My stepmom recently sent me one of the coolest things from my dad’s estate - the original TRS-80 on which I started programming when I was 11. It’s been sitting in the shipping box - this makes me want to pull it out and plug it in.
So I started designing the shield, the 2 SID chips take up about 2/3 of the available shield space (who’s bright idea was it for the PCB to be this small anyway!)
I chose a PIC18F4550 as the onboard micro to interface with the SID chips because it has an entire 8-bit port that isn’t shared with any other functions. The USB port is also a bit of a bonus because I can flash in a USB bootloader for firmware upgrades. And I happen to have some in my parts box
I am using a couple of LM1117 regulators in a SOT-223 package to power the SIDs (the 12v and later chip version 9v requirements was due to the very inefficient H-MOS/N-MOS design used in the mostly analog chip)

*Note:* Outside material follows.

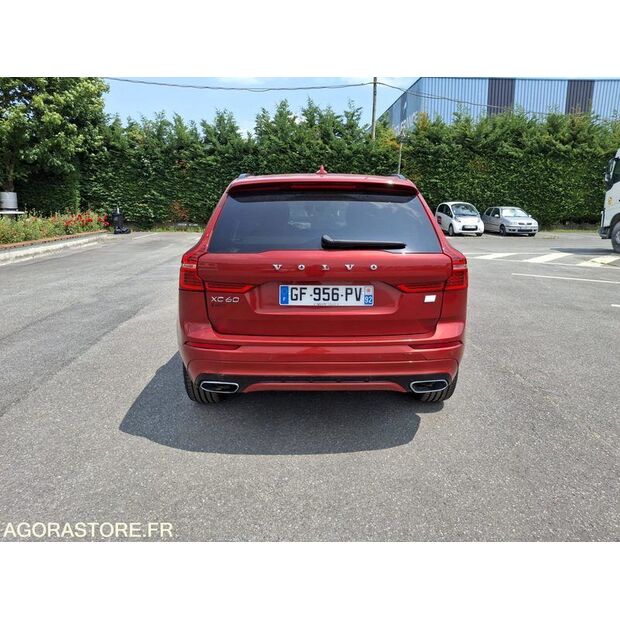 2022 Volvo XC60-42695410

I am also putting in sockets for the SID filter capacitors. The filters vary wildly between chips even from the same batch, so being able to swap out the capacitors to find a closer match or to use the original C64 capacitors is a bonus.

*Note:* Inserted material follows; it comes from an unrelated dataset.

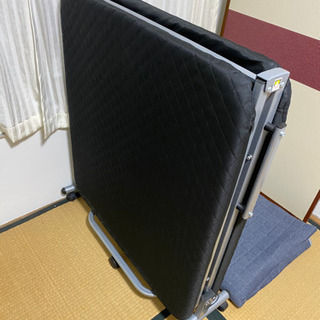 本日まで　美品　アイリスオーヤマ　折りたたみベッド　場所によって...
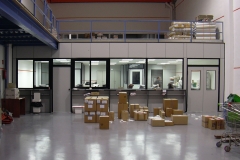 Mamparas y divisiones de oficina y despachos para altillos en Barcelona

I am still in the process of finding an inexpensive, small footprint, surface mount amplifier chip.
So after a few days of trying to fit all the components to run 2 sid chips on an arduino shield, I am going to cut it back to a single sid chip, but with a header to add a second (or seventh!!! :o) sid as an add-on card.
Each sid has a 5bit address bus, so if I allocate a second 8bit port as an address bus, I can use some 74HC logic to use the upper 3 bits as chip selects for 8 sids.

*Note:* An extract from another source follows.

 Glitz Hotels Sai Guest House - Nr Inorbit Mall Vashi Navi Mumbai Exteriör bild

Now that I think about it, the music guys might love a shield capable of up to 24 channels of old school synth which can be expanded easily. There is also no reason you couldn’t address other parallel chips off the bus too.
Do you mean using a Propeller as the sound synth generator, or as bus control?
The whole point of the exercise is to put some of my SID chip collection to use. And the SID even gets some use in main-stream commercial music by the likes of (but not limited to) Timberland, KMFDM and Trent Reznor. A good example of the SID sound is in the 50 Cent track “Ayo Technology” ([url]50 cent-Ayo Technology feat Justin Timberlake and Timbaland - YouTube) Another example is the melody for Nelly Furtado’s “Do It”, there was some controversy over that one since it was stolen from a C64 tune called “Acid Jazzed Evening”
But back to the project, throwing some firmware on the FEZ to act as a MIDI device with 8 SID chips as voices, you could compose some pretty awesome music.
The SID is an old style memory-mapped parallel interface chip operating at a clock rate of 1MHz. On a Commodore 64 the SID was accessed through peeking and poking memory addresses.
Trying to fit 8x Data, 5x Address, RES, CS, CLK and RW signals directly into a fez via the standard arduino shield connectors is a bit of a problem. Having a PIC micro operating as a bus master communicating with a FEZ at high speed through SPI gives all the benefits of an 8bit bus at 1MHz without the downsides of not enough IO pins, and parallel IO bit-banged in interpreted code.
The SID chips themselves are slowly increasing in price as time goes by (due to the now decreasing number of chips left), they have been out of production since about 1993-4 and the only source of chips are old commodore computers. You can pick them up online for between about US$20 and US$40 per chip, depending on chip version and quality.
$20 to $40…now I really want to go with $5 propeller chip
I understand what you need but I was thinking for my own project if I ever were to do something similar.